Why isn’t that a good thing? Because, unlike Trump’s across-the-board corporate tax cut from 35 per cent to 21 per cent, large Indian companies that account for over 90 per cent of corporate India’s annual revenue (and hence tax) have received no tax relief despite the promise made in the 2015-16 Union Budget. They will therefore not be able to pass on any benefits to their employees. Much deeper tax reform is needed. Widening the tax base is necessary but lower taxes, as it has been proved worldwide, improve compliance.
All of Trump’s economic policies are of course not worthy of emulation. His protectionist stand on trade is deeply damaging. The trade wars with China and Turkey have roiled global stock and currency markets. It’s true that China is the world’s biggest culprit of intellectual property (IP) theft. The lesson it is learning from Trump’s hardball trade tactics is long overdue. But free trade is the pivot around which global trade revolves.

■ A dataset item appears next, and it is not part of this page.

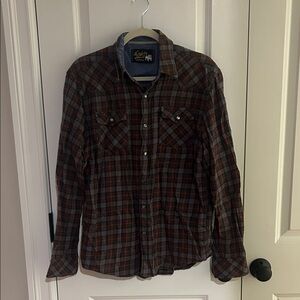 Plaid Flannel Button-Up Shirt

Trump argues that he too believes in free trade – as long as it’s fair trade. He wants reciprocity on tariffs. In principle this is an irrefutable argument. The problem lies in the interpretation of whether absolute reciprocity on tariffs between a country with a GDP of $20 trillion (the United States) and $2.7 trillion (India) is justifiable.
Ever since he took office 19 months ago, Trump has been eviscerated by the Democratic party-leaning US media. CNN, MSNBC, The New York Times and The Washington Post have abandoned basic journalistic principles. Sources are trumped up and facts made up. Hysteria has replaced analysis. Trump has made things worse for himself by promoting his son-in-law Jared Kushner, an observant Jew, as White House advisor and point man for Middle East peace talks between Israel and the Palestinians. Such examples of nepotism have eroded Trump’s credibility – but not with his ultra-conservative white base. His favourability rating is hovering around 45 per cent, similar to former President Barack Obama’s rating at a similar stage in his presidency.
To the US media’s dismay, Trump has already established a re-election team for the 2020 US presidential election. If the US economy continues to boom, there’s a realistic chance that the world may have to learn to live with Trump for another six-and-a-half years. The thought sends shivers down the spine of America’s mainstream media which has shown an intolerant, illiberal streak bordering on the unhinged.
For India, as it awaits Trump’s acceptance of Prime Minister Narendra Modi’s invitation to be chief guest at the January 26, 2019 Republic Day parade, there are good and bad things to pick up from Trump’s presidency. Tax cuts are among the good things. Trade protectionism is a bad thing.
If Trump does turn up at the Republic Day parade next year, Modi will have the opportunity to revive an India-US strategic partnership that has gone cold as Trump’s geopolitical priorities chop and change. Modi, now a practised world leader, will need all his chutzpah to finesse the world’s most unpredictable leader.